By Matteo Anelli, Deputy editor, Trustnet, 07 October 2025:
Experts discuss how to invest in the emerging world.
Emerging markets add growth and diversification to portfolios and are trading cheaply against developed markets.
They are also more volatile and less liquid, but not necessarily riskier if risk is understood in terms of a permanent loss of capital rather than higher volatility, according to Matthew Read, senior analyst at QuotedData.
Funds, trusts or trackers?
Read, Makin and Stevenson agreed that the closed-ended structure of investment trusts is advantageous for emerging-market investing.
Liquidity is less of a concern for trust managers, who aren’t forced to sell assets to meet redemptions.

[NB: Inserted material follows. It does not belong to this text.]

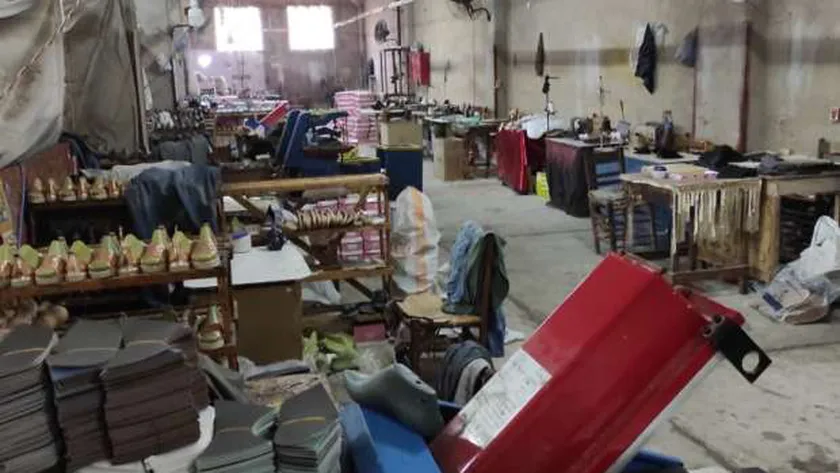 شرح خطوات إنشاء مصنع أحذية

This way, “the strategy can take a truly long-term view,” said Makin, which is “important in emerging markets, where investor sentiment can change quickly”.
There are also other advantages that trusts have over funds (that goes beyond emerging markets), including better access to unquoted companies and frontier markets, the ability to short companies, which is difficult to do in an open-ended fund, and the ability to take on debt, as well as the discount mechanism..
In most instances, there is “a strong case” for building one’s emerging markets exposure around one or two broader emerging markets funds, said Read. But, for those with room in their portfolio, allocations to a broad frontier markets fund or some individual markets such as China, India, or Vietnam, “could also make sense”.